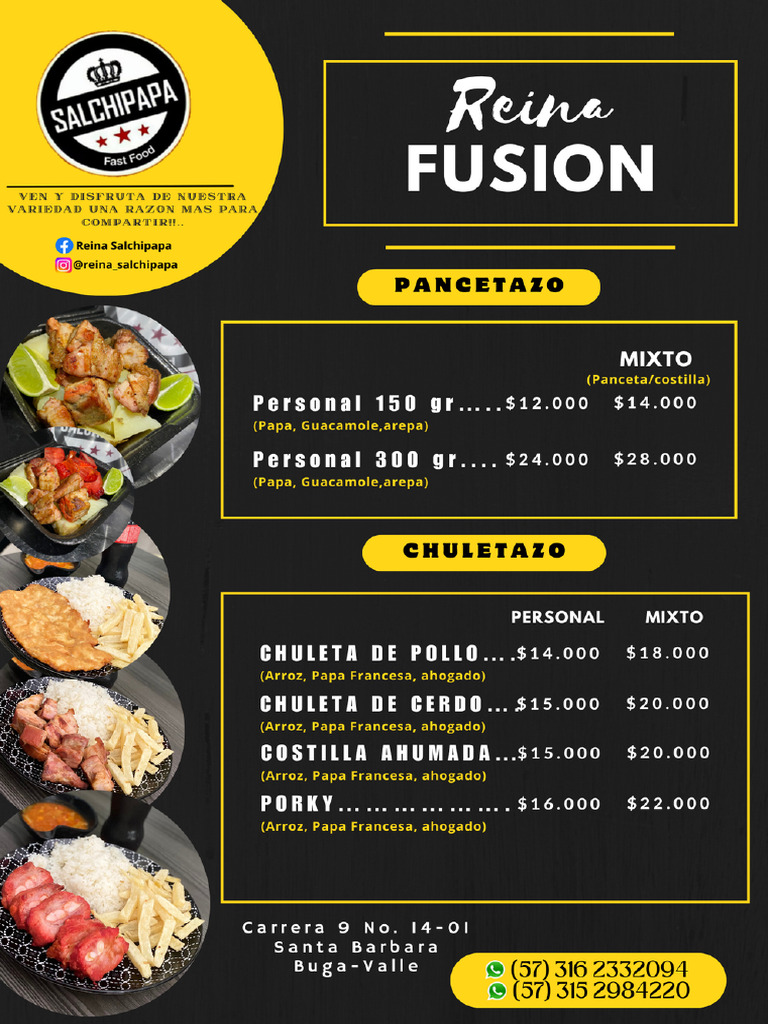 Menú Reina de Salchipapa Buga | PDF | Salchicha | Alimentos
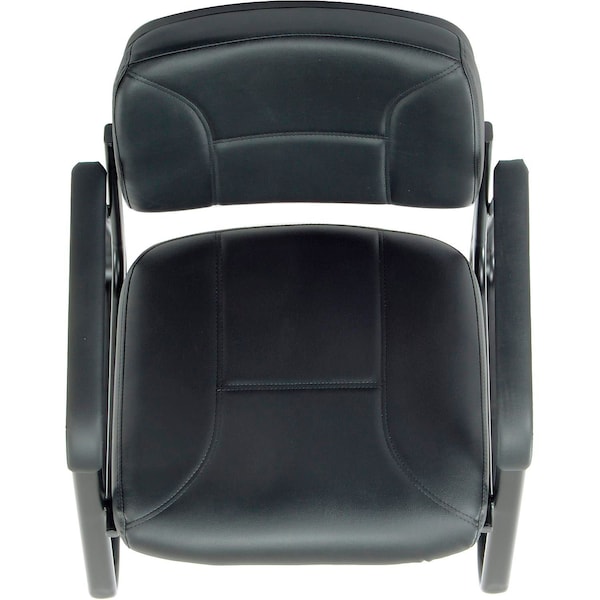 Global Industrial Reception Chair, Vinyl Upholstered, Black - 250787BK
* * *
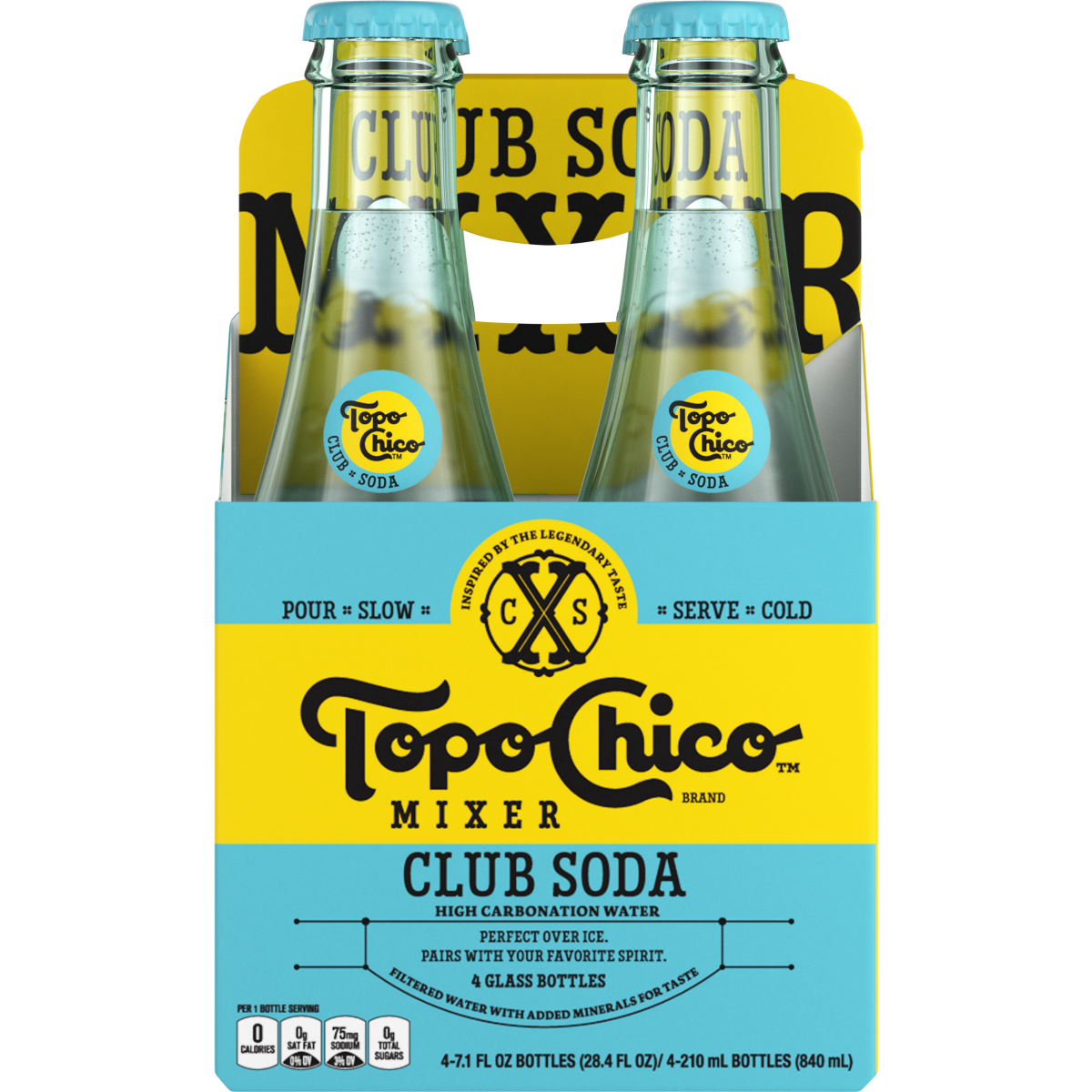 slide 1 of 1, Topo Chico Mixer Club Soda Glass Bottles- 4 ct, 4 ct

* _About this exercise_
Among the entries above, take the line with "Menú Reina de", the line with "Global Industrial Reception", and all the lines between them, and restate them word for word without pictures.

* _Expected answer_
 Menú Reina de Salchipapa Buga | PDF | Salchicha | Alimentos
 Global Industrial Reception Chair, Vinyl Upholstered, Black - 250787BK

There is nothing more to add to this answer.